On Wemyss’s idiocy and bland letters:

While she was with him he overpowered her into a torpor, into a shutting of her eyes and her thoughts, into just giving herself up, after the shocks and agonies of the week, to the blessedness of a soothed and caressed semi-consciousness; and it was only when his first letters began to come, such simple, adoring letters, taking the situation just as it was, just as life and death between them had offered it, untroubled by questioning, undimmed by doubt, with no looking backward but with a touching, thankful acceptance of the present, that she gradually settled down into that placidity which was at once the relief and the astonishment of her aunt. And his letters were so easy to understand. They were so restfully empty of the difficult thoughts and subtle, half-said things her father used to write and all his friends. His very handwriting was the round, slow handwriting of a boy. Lucy had loved him before; but now she fell in love with him, and it was because of his letters.

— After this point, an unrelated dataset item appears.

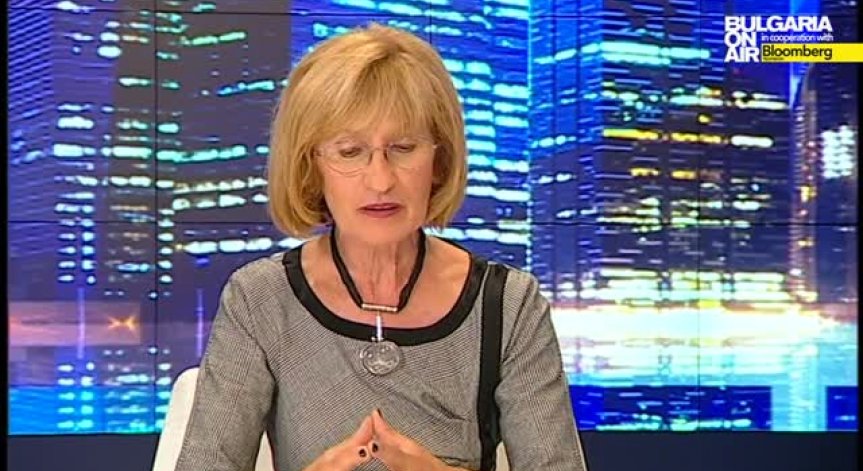 Анна Кръстева: Шумът, който нашите политици владеят, е на корупцията и скандала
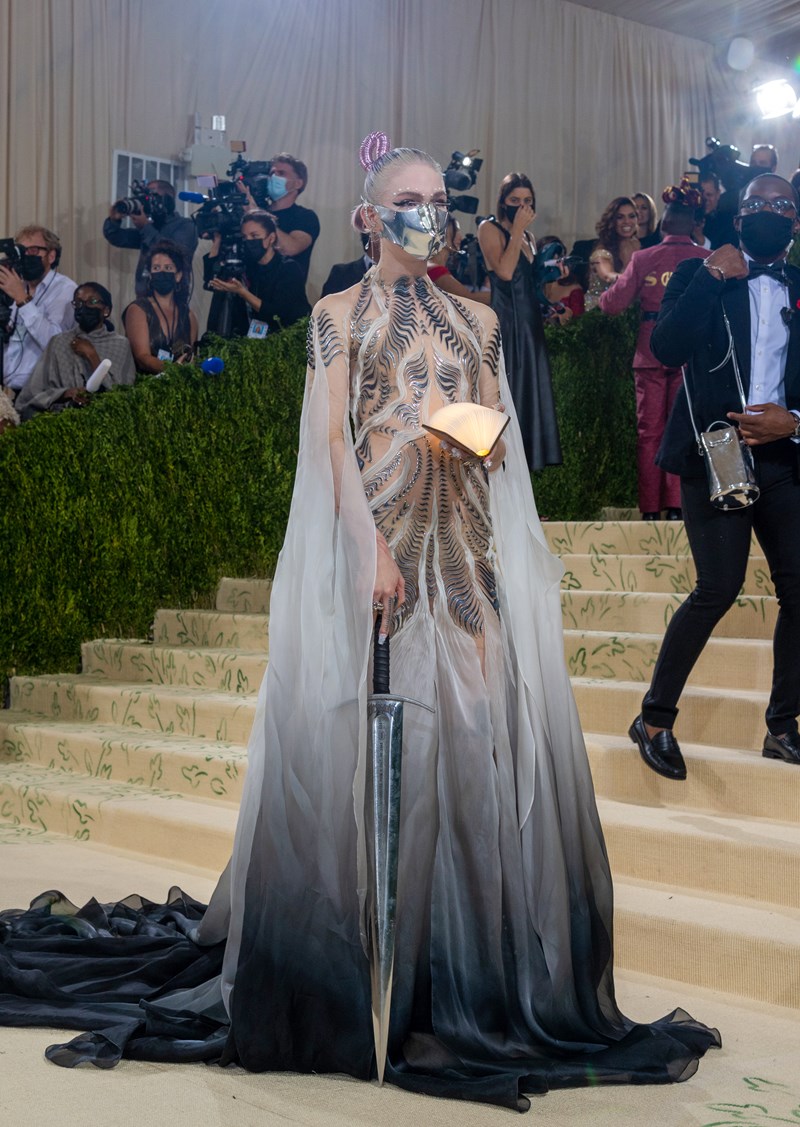 Grimes MET Gala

Hilarious advice her aunt receives from a widow who had “survived marriage”… the widow “whose wisdom was more ripe than comforting” says “one” in reply to the aunt’s question about what could be better than Wemyss’s two houses. Later, she asks the widow what could be better than a devoted husband, and the terse widow says “none.”

When Lucy is married, Wemyss immediately changes into a maniac who must control her every move and never be separated from her for a minute. He’s called his country home “The Willows” because houses should be named after whatever most insistently catches the eye. Lucy suggests that it ought to have been called “The Cows” in that case. She finds that all his books are under lock and key, the key dangling from his wrist, hindering free reading. She describes the library:

The other end was filled with bookshelves from floor to ceiling, and the books, in neat rows and uniform editions, were packed so tightly in the shelves that no one but an unusually determined reader would have the energy to wrench one out. Reading was evidently not encouraged, for not only were the books shut in behind glass doors, but the doors were kept locked and the key hung on Wemyss’s watch chain.

In the end we’re left wondering how long Lucy will last in this house of horrors.  Elizabeth herself fled to America to obtain a divorce.